Jennifer Vogel’s father John was larger than life. As a child, she was fascinated with his charismatic energy and ability to make life feel like a grand adventure. Through him, she learned so much about love and joy, but had no idea the same person she hung the moon and stars on happened to be the most notorious counterfeiter American history.
Directed by Sean Penn and starring him and daughter Dylan Penn, Flag Day is an intimate family portrait about a young woman (Dylan Penn) who struggles to rise above the wreckage of her past while reconciling the inescapable bond between a daughter and her father John (Sean Penn). While screening this I was fiercely reminded of an ABBA song, “I Have A Dream” whose lyrics sum up this film perfectly…

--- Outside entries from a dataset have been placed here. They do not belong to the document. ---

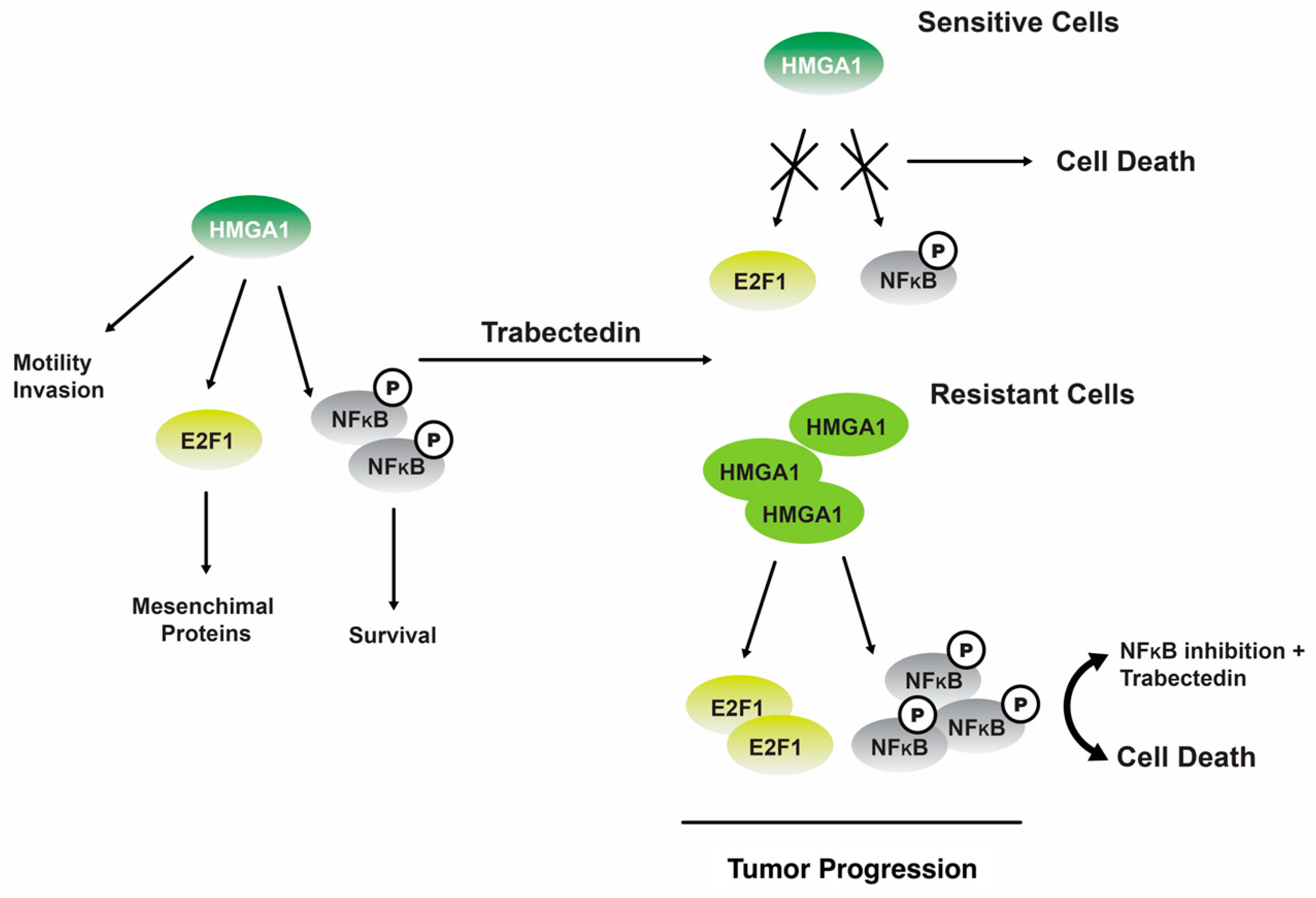 Marinedrugs 22 00114 g006 Marinedrugs 22 00114 g006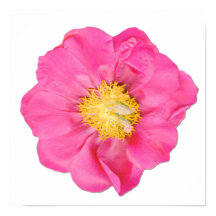 Roze Pioenbloem Botanische Muur Kunst Poster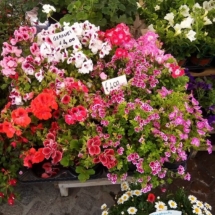 fiori aiuola balcone giardino (4)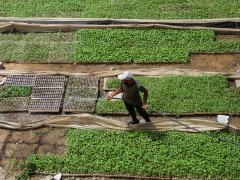 ‘This is my just hope’ states Palestinian who farms to battle appetite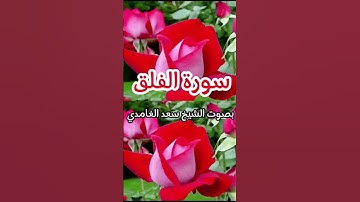 سورة الفلق بصوت الشيخ سعد الغامدي ❤️
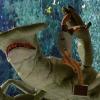 Cocaine Shark
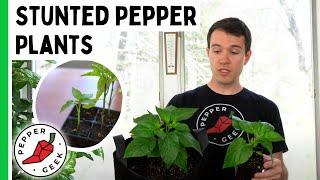 Why Are My Plants Not Growing? Stunted Pepper Plants - Pepper Geek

I Have a Dream, a song to sing
To help me cope, with anything
If you see the wonder, of a fairy tale
You can take the future, even if you fail
Special flashes of memories are like fairytales and in Jennifer’s version, her father was a Prince. Cut to the summer of 1975. Vogel’s mom often characterized John as Peter Pan, because of his childlike abandon to make reckless decisions. Yet, this same man would burn down the world if he thought it would put him in the lane of the rich and famous. Sean Penn utilizes wonderful imagery that melts into the script along with the soundtrack comprised mostly of Bob Seger and classical Chopin creating the perfect dichotomy of the life John Vogel leads.
The still, unsettled calmness in Penn’s face throughout, while inhabiting John Vogel, reminds audiences of the maturity and range this actor continues to exude. Like my dad, Vogel believed if you describe something well enough anyone can see it. Jennifer Vogel accomplishes exactly that with a screenplay resonating so vividly, that I needed to compose myself from sobbing. Moments like seeing her dad in the rear view mirror while leaving him and having that replicated early on as she and her little brother ride away on a bus away from their father broke my heart, yet so subtly and adequately describes this troubled kinship. Loved the attention to detail down to the costuming with background characters in a parade crowd during Flag Day all dressed in variations of red, white and blue.

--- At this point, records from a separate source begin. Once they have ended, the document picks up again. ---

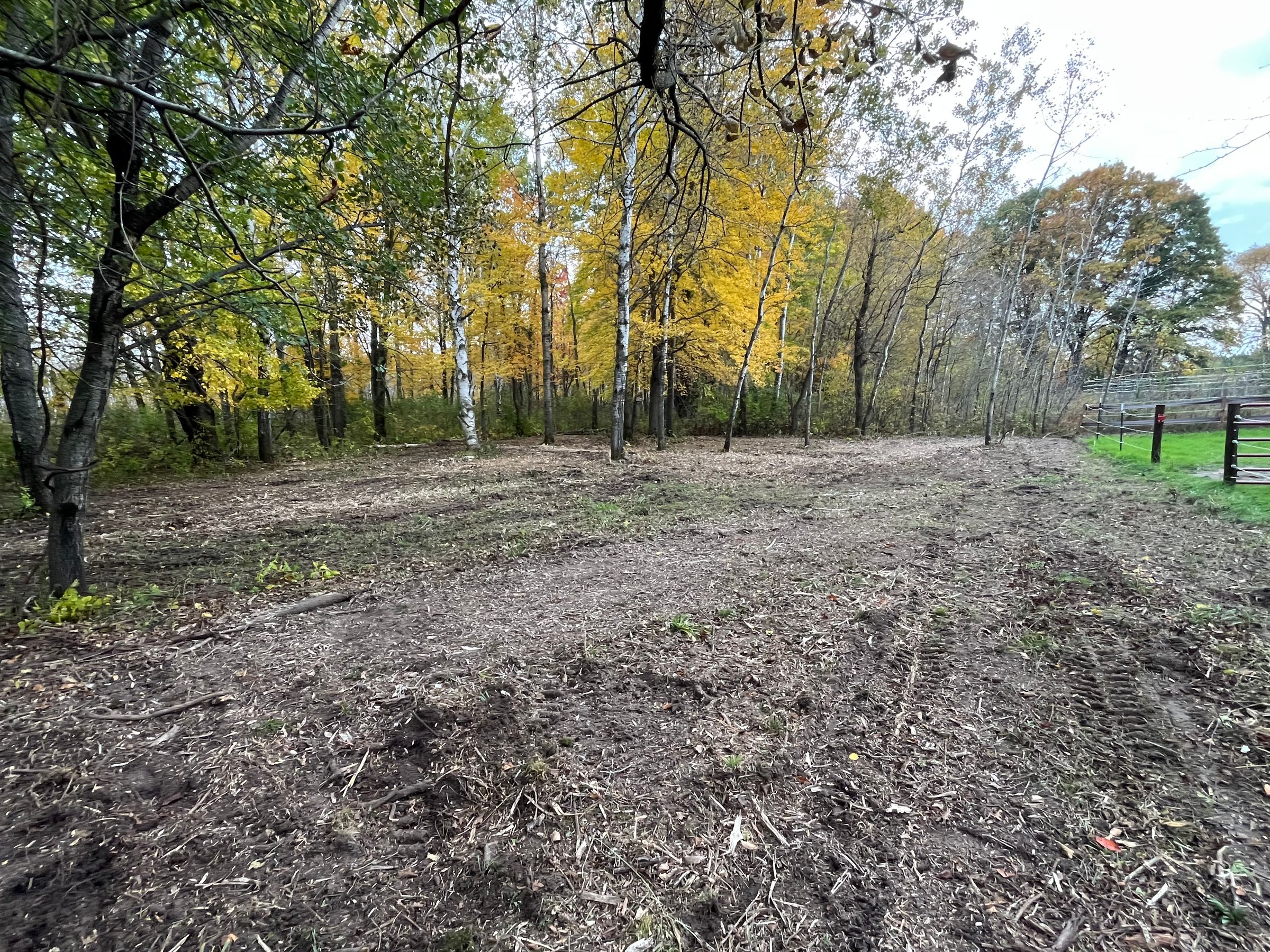 The Brush Stops Here's image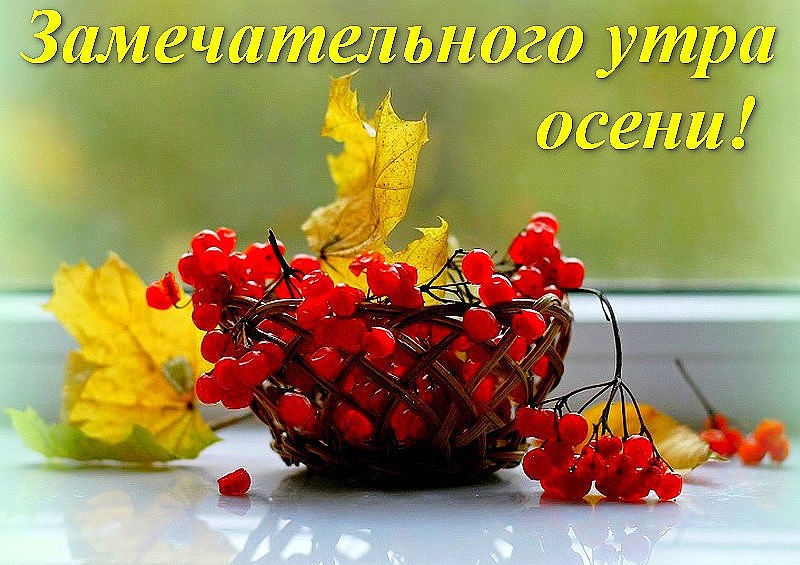 Картинки, открытка с добрым утром осень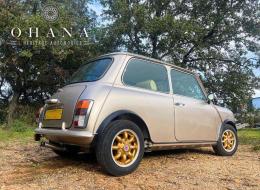 Mini 1300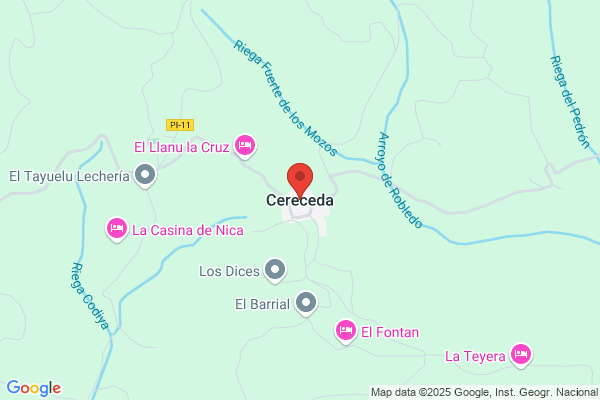 Cereceda Fernandez l.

Dylan Penn is beguiling, strong and resilient as Jennifer Vogel. Her performance is absolutely stunning to watch as she embraces every nuance and every luminous moment with a committed veracity and high voltage energy often associated with her famous parents. Yet, she is commanding her own space on her own terms and is quite stellar while doing so.
It’s very rare that we see relationships between daughters and dads. When we do witness this onscreen, it is often a romanticized point of view. Flag Day lets it all hang out with the good, the bad and the in-between. As a Daddy’s girl, we love them unconditionally, but sometimes have to protect ourselves in the process – a process that can be as harmful or as productive as one is willing to allow.
John’s downward spiral, begs the question of whether the death of a parent drives one to a secret place creating a kinship to the dead. Maybe, but in the end, John Vogel obtained his freedom and as a result allows Jennifer to become free as well.